Emeklilik günlerimde; sosyal dokusuyla, insanıyla, hala var olan komşuluk ilişkileriyle, bizim Ayvalık halini andıran çarşısı ve iki gün görünmediğiniz tardirde merak eden ve ‘ağabey, hayırdır, bir yaramazlık yok inşallah’ kaygılarını dile getiren esnafıyla, başımı pencereden çıkardığımda eski bir dost gibi gülümseyen denizi, sokağımızda çığlık çığlığa kanat çırpan martılarıyla, bunca yıl sonunda artık her birini ayrı ayrı tanıdığım kedileri, köpekleri ve her mevsim aramıza katılan, ortak sevgimiz ve bakımımızla büyüyen yavrularıyla benim için ikinci bir Ayvalık olmuş olan Moda’da; eşimle çıktığımız o sakin, barışık yürüyüşlerimizden birinde, bu uzun cümlede çizmeye çalıştığım huzuru hüzüne çeviren, bizi derinden yaralayan bir şeye tanık olduk. Belki çok gündelik, çok olağan bir kareydi gördüğümüz ama nedense geçmişimizi sorgulamanın yanı sıra geleceğimiz için nedeni belirsiz bir şekilde üzülmemize de sebep oldu.

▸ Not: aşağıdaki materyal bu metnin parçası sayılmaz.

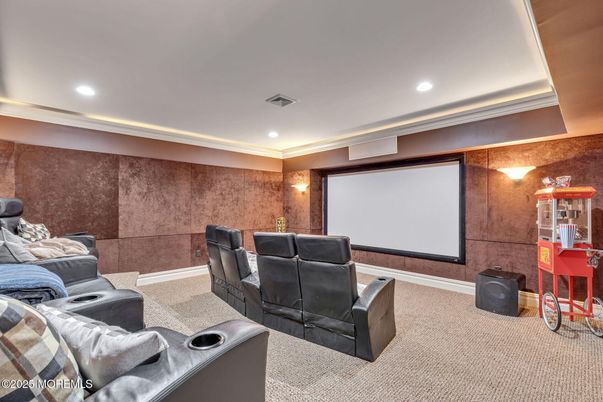 Home Theatre Room, Interior, Projection Screen, Recessed Lighting, Theatre Room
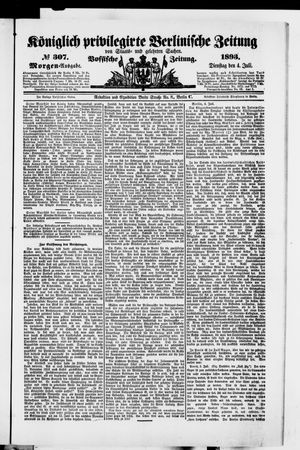 Königlich privilegirte Berlinische Zeitung von Staats- und gelehrten Sachen vom 04.07.1893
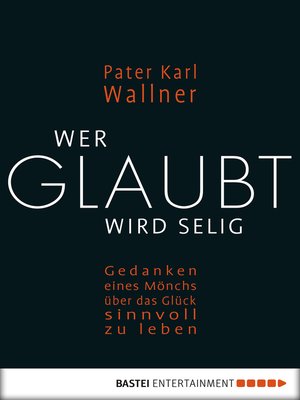 cover image of Wer glaubt wird selig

Sokak aralarında dolaşan ve hayatını uygarlığın artıklarını toplayarak kazanan eskicilerden birinin iterek götürdüğü tezgahının üzerinde; birçoğumuzun evinin oturma ya da misafir odalarında, diğerlerinden biraz da yukarıya asılan yaldız çerçeveli bir fotoğraf. Bir sandalyede oturan şık, bakımlı, zarif bir hanımefendi ve arkasında, ayakta duran, bir eli önündeki bayanın omuzunda, iki dirhem bir çekirdek şıklıkta bir beyefendi. Belli ki ‘bir aile’nin onların zürriyetinden geldiği, bir zamanlar yine o ailenin duvarında, kendilerinden sonraki nesillerin gelip geçişini izlemiş büyükleri. Ve şimdi, kimbilir o aileden geriye kalan kim ya da kimler tarafından artık kapatılmış bir sayfa, sadece duvarlara değil, kendi yüreklerine de bir yük. Tezgahını iten adamın mesleğini özetlediği iki kelimelik ‘eskiler alıyorum’ cümlesindeki ‘eski’ olmuşlar. Arkalarında kimbilir nasıl bir hayatı, ne kavgaları, ne sevinçleri, ne hüzünleri, ne mücadeleleri bırakmış, çarşıdaki dükkanlardan birinde, yine kendileri gibi eski fotoğraflar, kullanılmayan bilgisayar parçaları, çizik 45’lik plaklar, yıpranmış kitaplar, bir zamanlar başka hanım ve beyefendilere çay servisi yapılmış ama ya kulpu kopmuş, ya tabağı kırılmış porselen fincan artıklarından oluşan bir yığına katılmak üzere bir eskici tezgahında, yaşadıkları ve tanık oldukları gerçek bir geçmişi bırakıp artık olmayan bir geleceği beklemek üzere yola çıkmışlar.

Üzüldük. Ve benzer her durumda olduğu gibi kendimize döndük. Daha önceleri bir yazımda da dile getirdiğim gibi; yaşam döngüsü en basite indirgenmiş haliyle iki sözcükte özetlenebilir: Doğuyoruz ve ölüyoruz. Arada da her birimiz; kendi ailemiz, çevremiz, yetiştirilme anlayışımız, eğitim ve öğrenimimiz, içine doğduğumuz maddi koşullar, yeteneklerimiz, işimiz, iş dışındaki istek ve meraklarımız, ‘kendimizi gerçekleştirme’ adına yaptıklarımız, yapamadıklarımız, tutkularımız, kederlerimiz, sevinçlerimiz ve daha sayısız parametre ile tariflenen ve adına ‘ömür’ denilen bir süreç yaşıyoruz. Kimimiz insanlığa bir iz bırakıyoruz arkamızda, kimimizin izi sadece yakınlarımızın, sevdiklerimizin, bizi tanımış birkaç kişinin anı duvarında bir süre asılı kalıyor. Sonra onlar da gidiyor ve Nazım Hikmet’in ‘Masalların Masalı’ şiirinde dile getirdiği gibi ‘kayboluyor suda suretimiz’. Bir gün hepimizin paylaşması mukadder sonuç olan ‘artık var olmamak’ kaçınılmaz. Ama o eskici tezgahında gördüğümüz fotoğrafın bizde uyandırdığı duygunun nedeni; gelecekte bir gün hiç var olmamış olmak’ düşüncesinin hüznü. Ve Ayvalık’ta olsun, Moda’da olsun, bizim gibi olağan, sıradan, mütevazı ömürler sürmüş insanların tek sığınağı, tek tesellisi galiba yine Nazım ustanın o şiirinin son dizesi: “Çok şükür yaşıyoruz.